Lessons from the students at the Asian University for Women

AUW student photo.jpg

A couple of weeks ago I was invited to give a talk at the Asian University for Women's Career and Internship Fair. The university is based in Chittagong, Bangladesh - a busy port city in the country's south-east - so I flew from Bangkok to attend the Saturday event.

After meeting and talking with many of the university's students in the days leading up to the Career Fair and on the day itself, I was inspired by the stories these students told. Stories of courage, stories of hope and stories of acceptance. In my time at the university I think the students taught me far more than I could ever teach them! Now as the class of 2017 graduates, here are some lessons the students taught me:

A diverse community is a strong community

I spoke to students from Vietnam, Pakistan, Afghanistan, Sri Lanka, Myanmar, and Bangladesh. The easy sense of community these students had with each other, the way they bonded together and supported each other's learning, goals and dreams, truly inspired me. Together they learn and grow, respect each others differences and celebrate their similarities. Their strength is in their diversity.

Respect is key

A melting pot of ethnicities, religions and social norms, the residential university and it's students celebrate a vast number of cultural days, ceremonies and traditions. The students understand that respect is key to their community and they embrace diversity with open-mindedness and withholding judgements. This open, honest respect was refreshing to be amongst and made me hopeful that the rest of the world, where the news headlines are all too often dominated by injustice and hate, might eventually follow this example of peaceful respect.

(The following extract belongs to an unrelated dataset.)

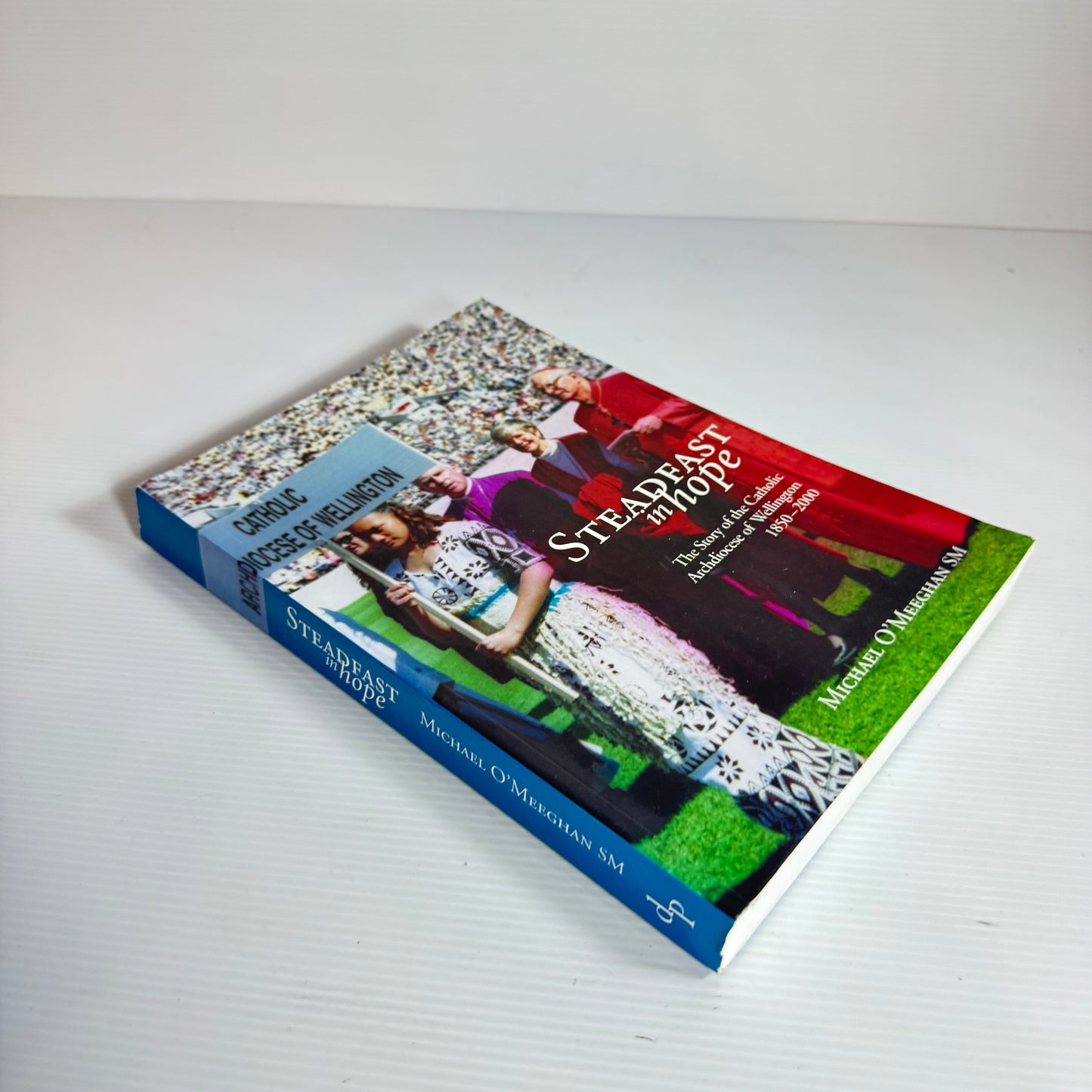 Steadfast in Hope : The Story of the Catholic Archdiocese of Wellington 1850-2000 - Michael O'Meeghan SM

Personal health is a #1 priority

As I sat with a group of students after my speech a question about time management came up. One student was struggling with how she managed her time, she was always late to class and she never felt like she had time to call her parents. So I began a conversation around priorities. Together we built a list. School work was number one, followed by family and calls home. Relaxation and time with friends came third before shopping and other recreational activities. Suddenly a student interrupted. "What about health?" she inquired. Where did that fall on the list? I looked to the rest of the group. It should be number one they agreed. Without strong physical and mental health, the students felt they couldn't complete anything on the rest of their list to the best of their abilities. This served as a great reminder for me. Often in our hectic lives, simple health and wellbeing gets put last as we try to juggle our busy lives. Health should definitely be #1 on all priority lists!

Practise what you preach

Right at the beginning of my talk I asked the students a question - what do you want to be when you grow up? There was a little fidgeting, a few nervous laughs before I went on to tell the audience how when I was young I hated that question and the label it tried to put on me. I confessed to the students that not having an answer to that question made me feel directionless, anxious and under pressure. As I went on to tell the students how the old paradigms of work, career and professions are shifting and no longer is a career path a straight upward trajectory, I realised that I also needed to remind myself. I needed to practice what I was preaching, give myself a pat on the back and acknowledge the diverse skill sets that I have as a professional.

We are all teachers

As the group of students sat in a circle discussing time management, it reminded me of something that I knew to be true but which I had forgotten until now. Simply, that we are all teachers in one way or another. Each of us has different perspectives, wisdom and knowledge to impart. These students were all teaching each other and it's the job of educators to help create an environment in which that can happen.